++++ Data below
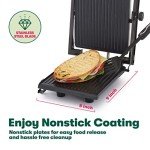 BELLA Nonstick Panini Press and Sandwich Maker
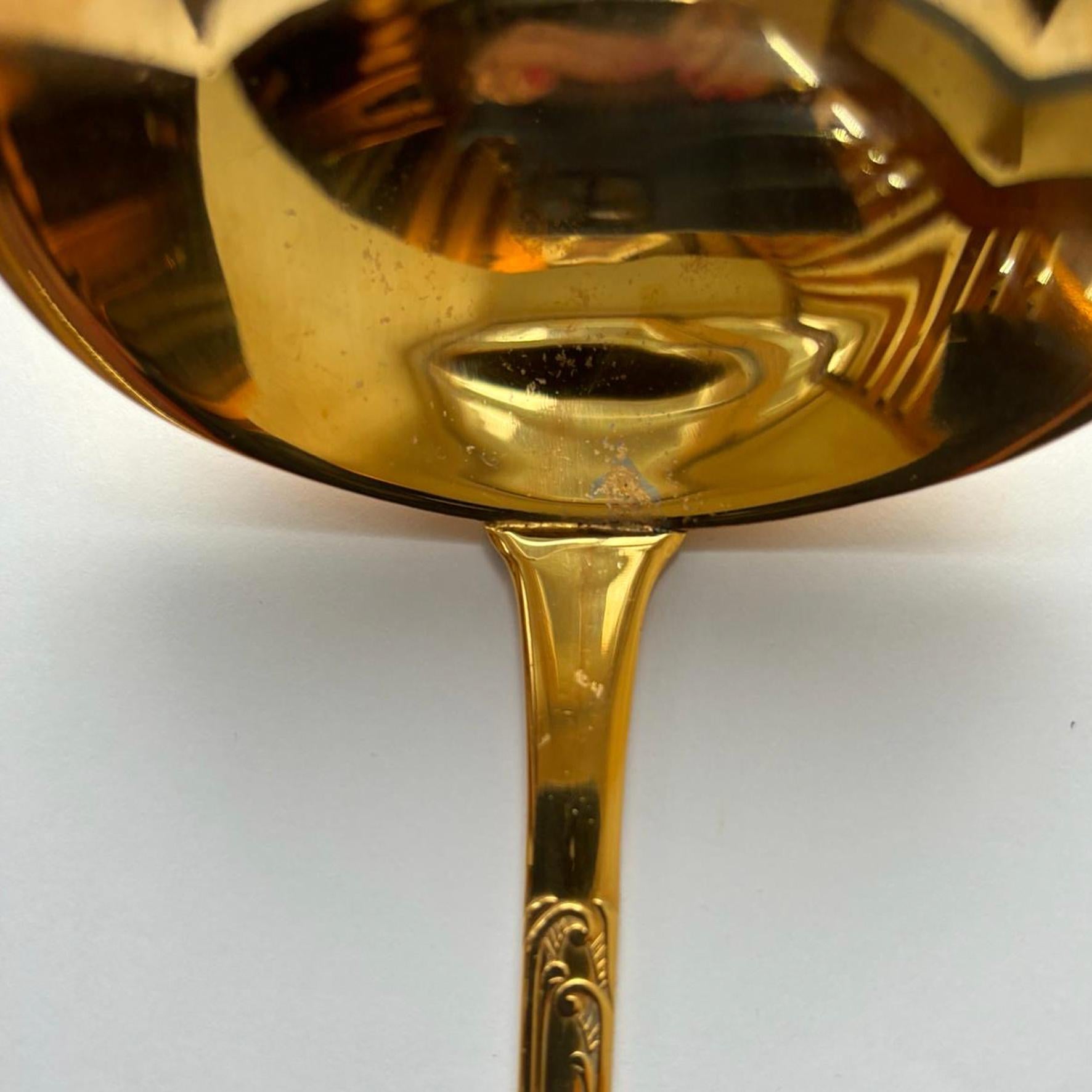 Bestecke Solingen German 23/24 Karat Gold-Plated 70pcs / 12 Person Cutlery Set For Sale 11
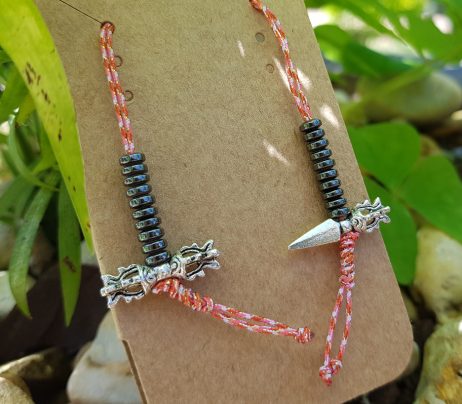 Contador de Mantras para Mala em Hematita - Com Phurba, Dorje e Nó da Linhagem - Image 2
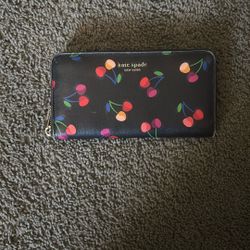 Spencer Cherries Zip-around Continental Wallet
++++++++
• What the exercise asks:
After locating the line that contains "Contador de Mantras", output it and all later lines through the end of the material exactly, leaving out pictures.

• Answer to this task:
 Contador de Mantras para Mala em Hematita - Com Phurba, Dorje e Nó da Linhagem - Image 2
 Spencer Cherries Zip-around Continental Wallet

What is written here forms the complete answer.